DeCosta: Lamar Jackson allows Ravens to be flexible

One key to getting ahead in the NFL: When other teams are zigging, you zag.

The best teams have made a killing at taking advantage of the margins, the white space the rest of the fodder-fillers deem unworthy of their attention.

The Baltimore Ravens now perhaps employ one of the NFL's biggest situational offensive advantages in quarterback Lamar Jackson. The signal-caller's ability to stress defenses with his legs brings a different speed element to the position others don't possess.

Baltimore's new GM Eric DeCosta plans to take this offseason to exploit different angles that Jackson's dual-threat ability enables.

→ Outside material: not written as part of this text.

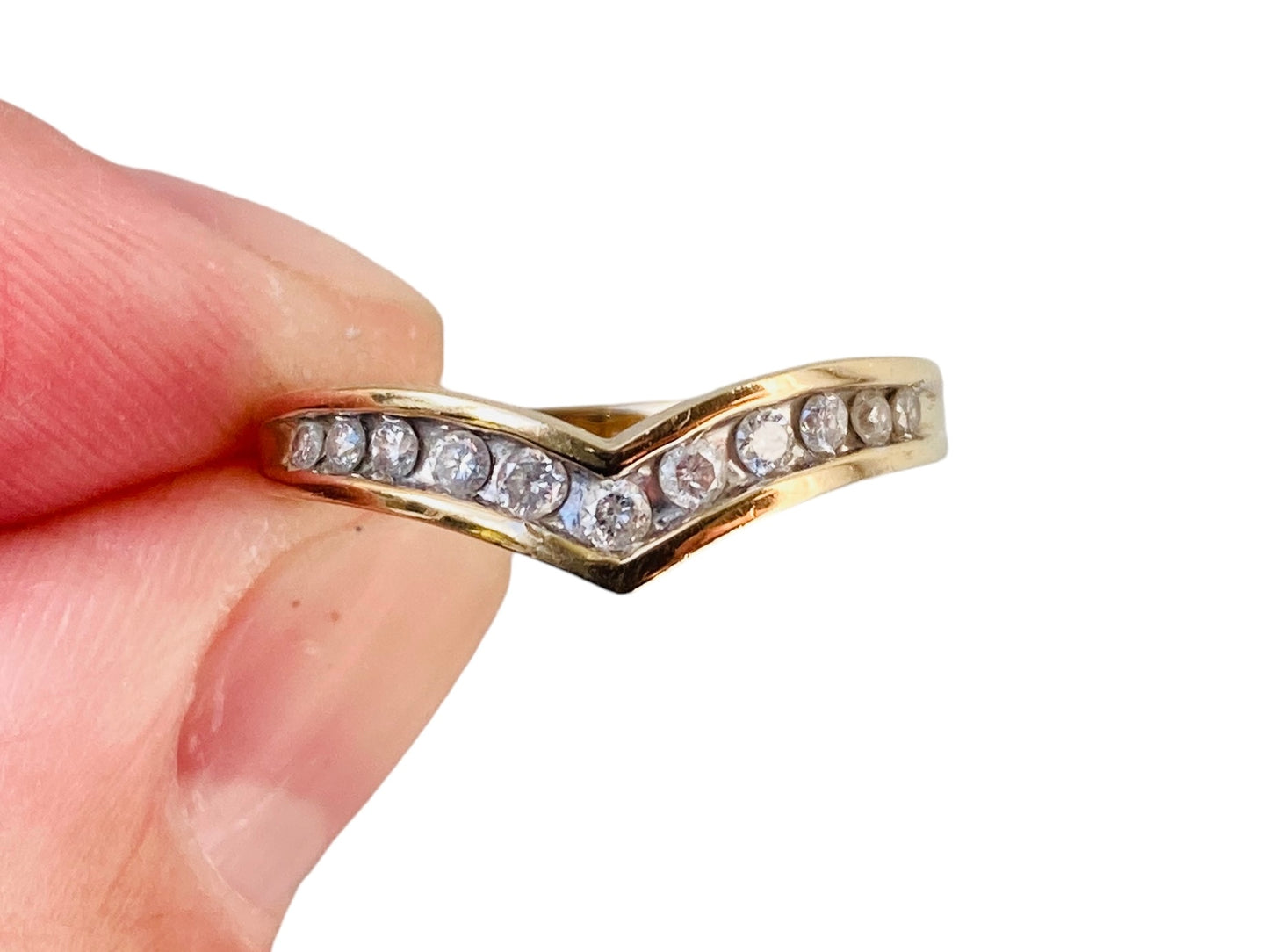 9ct Gold Diamond Wishbone Ring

"This is a really, really fun, exciting offseason, because we get a chance to look at other teams, and maybe even have the chance to draft some players or add some players that maybe other teams don't like as much as we do because we're doing something different," DeCosta said this week, via ESPN. "So, we may be able to find or exploit that situation a little bit."

In an ideal world, Jackson returns as an improved passer in 2019, and the Ravens can truly employ a multifaceted, dangerous offense that can keep defenses off balance.

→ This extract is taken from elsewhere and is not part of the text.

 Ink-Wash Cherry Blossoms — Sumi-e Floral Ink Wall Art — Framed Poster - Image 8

Flexibility is key for DeCosta. Flexibility in the players he can chance in free agency and the draft. And flexibility in the roster-building process.

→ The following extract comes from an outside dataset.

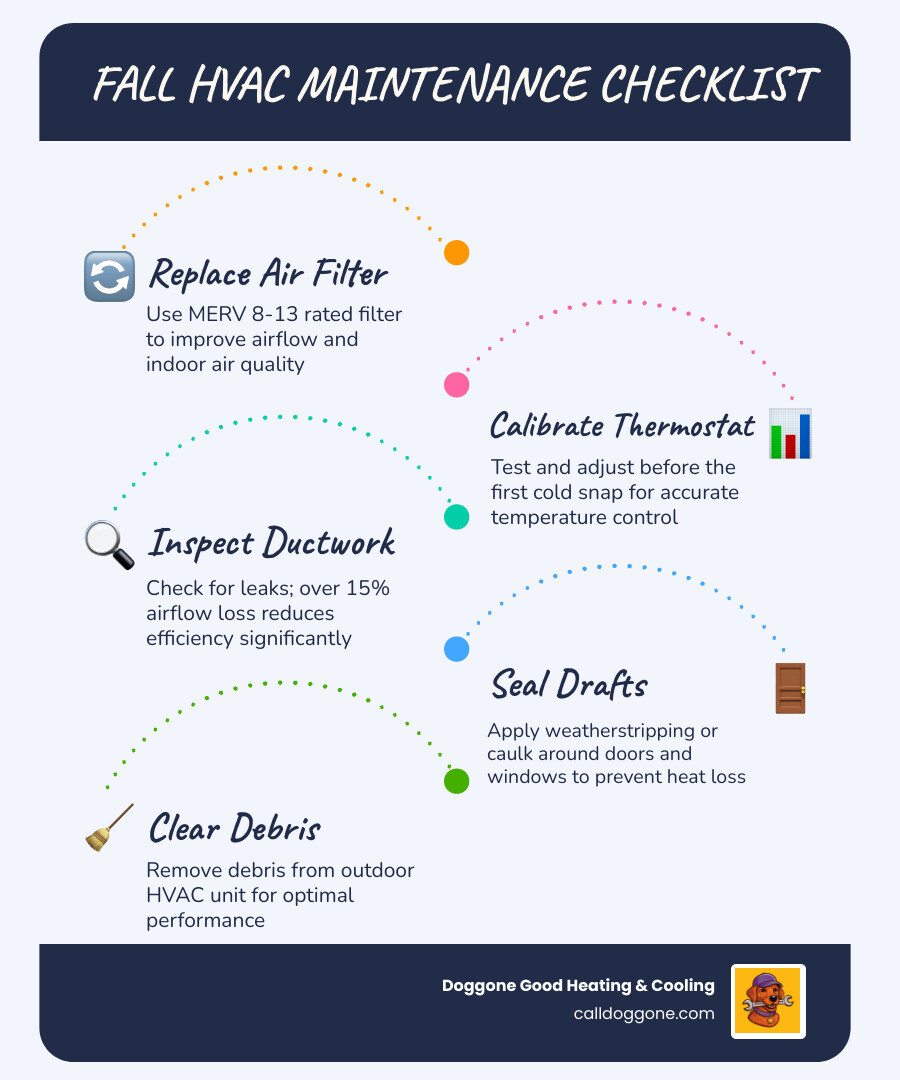 Infographic showing fall HVAC maintenance checklist and benefits for Louisiana homeowners - fall heating preparation for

With Jackson playing on a cheap rookie deal, the new GM knows now is the time to strike.

"One of the things that we want to do is put ourselves in a really good salary cap situation now and also moving forward," DeCosta said. "That's the goal, that's the challenge. I think we can get there. I think we'll make strides this year. I think we'll make more strides next year. Moving forward, that's our plan. So, having a quarterback on a rookie deal is a big part of that."

DeCosta not only boasted about the differentiation and financial flexibility Jackson provides Baltimore but also believes that the quarterback should attract talent on the free agent market.

"I think players respect talent," DeCosta said. "I think players respect athletes and competitors. Anyone can watch Lamar Jackson and see how talented he is and what kind of a competitor he is. Players also want to win, and I think that's something that drives every professional athlete -- winning games. I think they'll recognize that about us. When they watch us play, they'll want to play here."

All the eggs in Baltimore are in the Lamar Jackson basket, and the team is excited for what that means moving forward.